The F278 Fazioli piano was the only one of its kind with four pedals. Hewitt kept it at her home in Italy and travelled throughout Europe with it for her concerts.
The 61-year-old says she been recording music and playing concerts with her precious piano since 2003, and she’s absolutely crushed to lose it.
“I adore this piano,” she wrote. “It was my best friend, best companion. I loved how it felt when I was recording — giving me the possibility to do anything I wanted.”
U.K.-based piano retailer Terence Lewis compared the incident to “losing a limb.”
“Every single piano is different and you grow with them and they change as they age and you develop together,” Lewis told The Guardian. “For a pianist at that level, a piano becomes an extension of your body and that’s why she dragged it around for her recordings.”
Lewis has provided several Faziolis for London-based concerts through his role as co-owner of Jaques Samuel Pianos in the U.K. He’s also very familiar with Hewitt’s customized piano.
“I practiced on it for three or four hours after it was made,” he said. Lewis added that piano designer Paolo Fazioli will probably never build another four-pedal piano like Hewitt’s again, “because it was such a pain in the arse.”
Hewitt is considered one of the world’s top Bach pianists. She learned to play in Ottawa and Toronto before launching her professional career and eventually moving to Italy.
She is a Companion of the Order of Canada and was awarded the governor general’s Lifetime Artistic Achievement Award in classical music in 2018.

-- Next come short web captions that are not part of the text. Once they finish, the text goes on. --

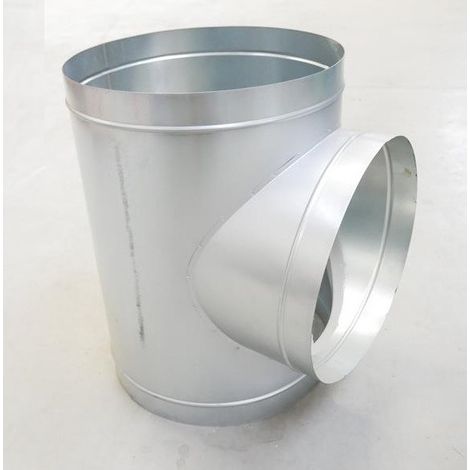 Té inégal à 90° acier galvanisé diamètre 400-355mm pour raccord de conduits de ventilation ATLANTIC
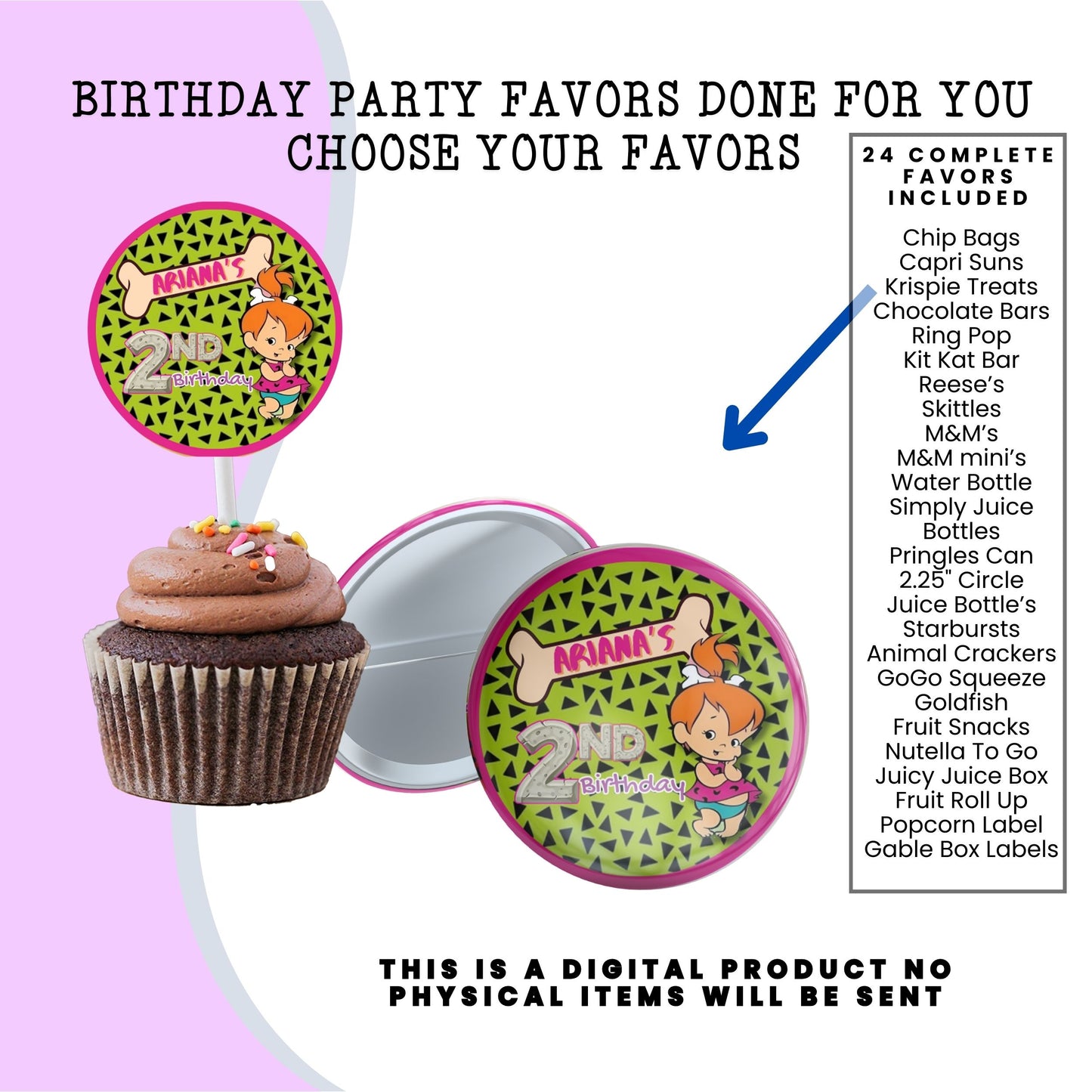 Pebbles & Dino Stone Age Birthday Party Favors DFY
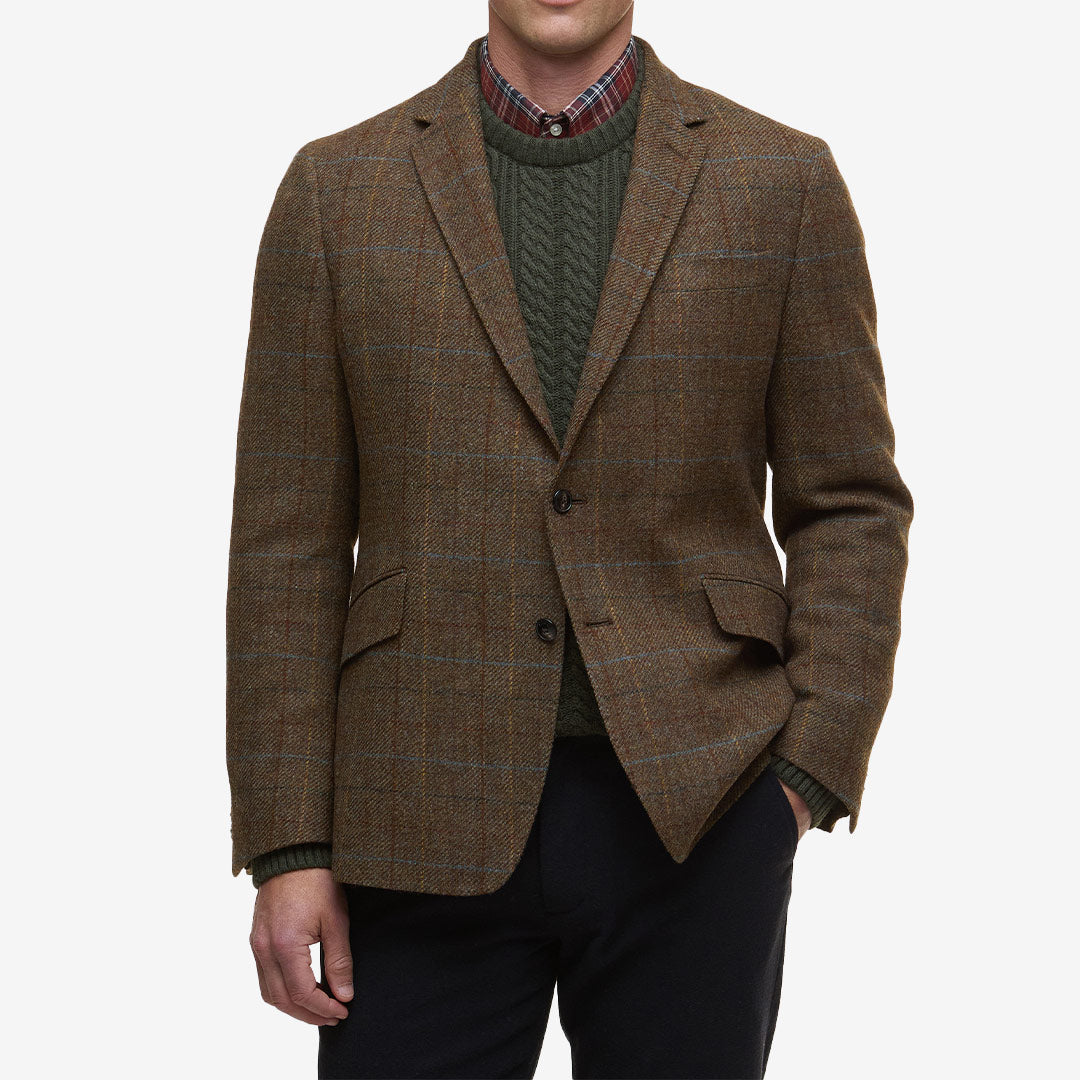 Barbour Sullivan Moons Check Blazer – brun rutmönstrad ullkavaj med enkelknäppning och klassiska detaljer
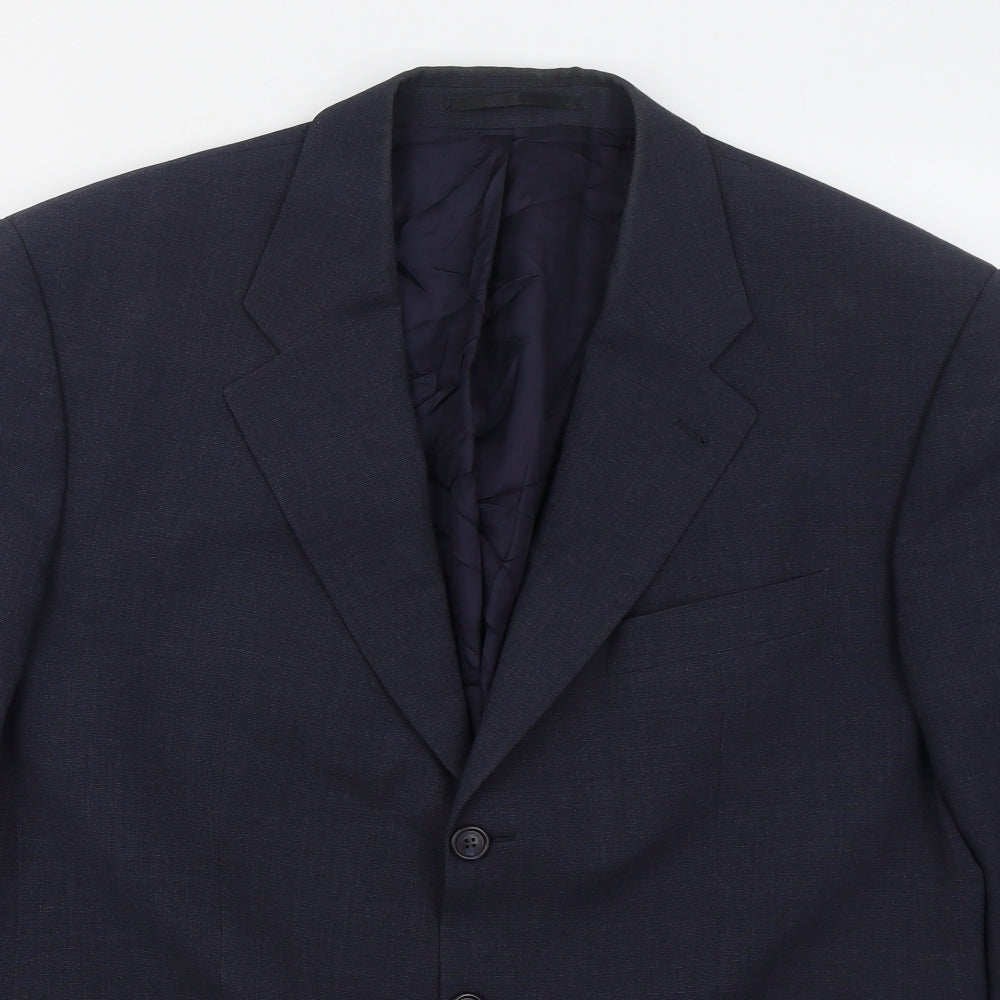 Baulmer Mens Blue  Polyester Jacket Suit Jacket Size 44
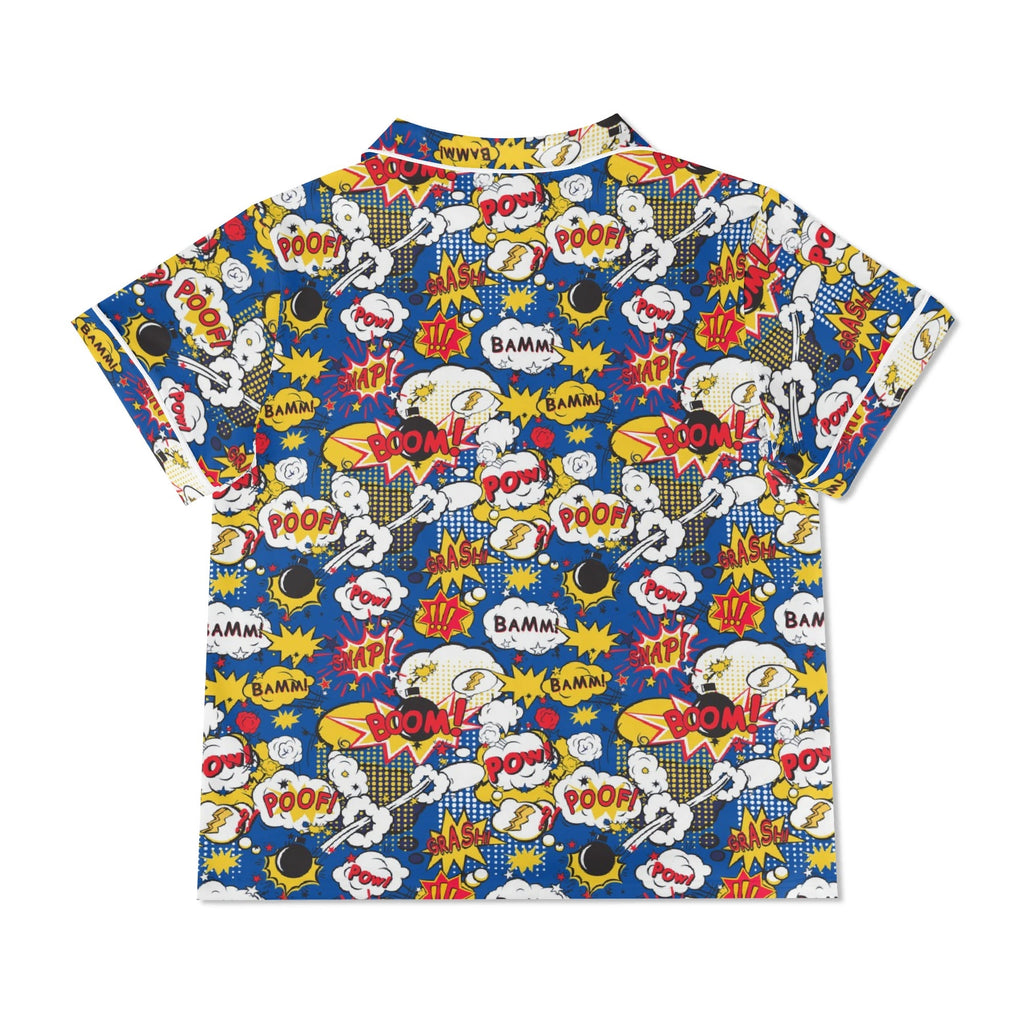 Comic Book Blue Womens Short Sleeve 2-Piece Pyjama Set Women's Short Sleeve Pyjamas Comic Printed Offshore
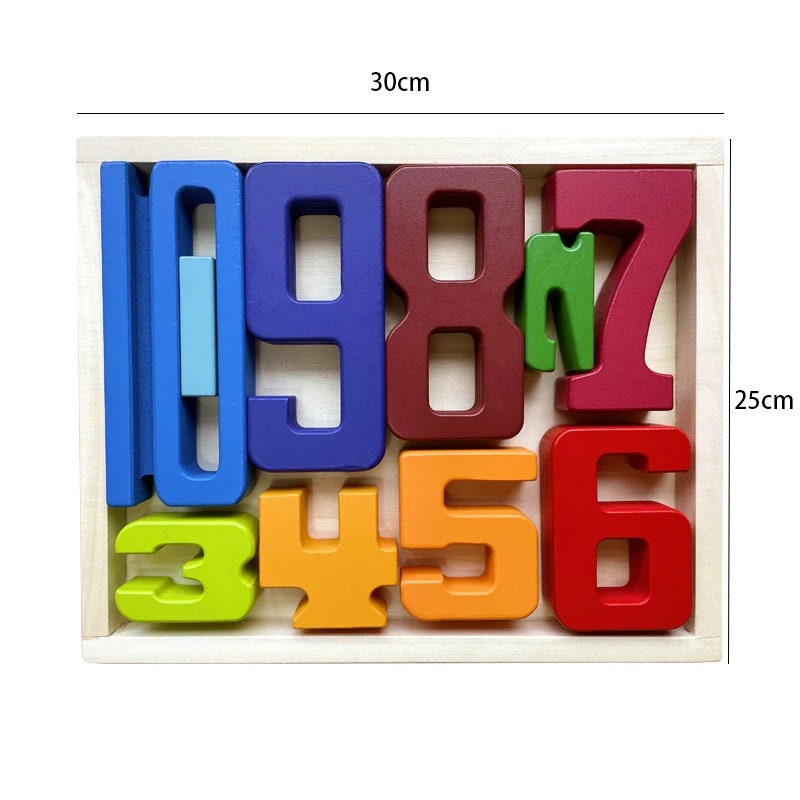 Large 10/32/100pcs Wooden Number Building Blocks Learning Etsy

Hewitt told her fans that she won’t have the piano for future performances or recordings. Her last piece of music with it will be a CD of Beethoven variations, which she hopes to release in November.
The pianist says she doesn’t want to make any further comment on the loss of her piano. She’s also waiting for insurance to address the accident.
She says she has just one wish: that her piano “will be happy in piano heaven.”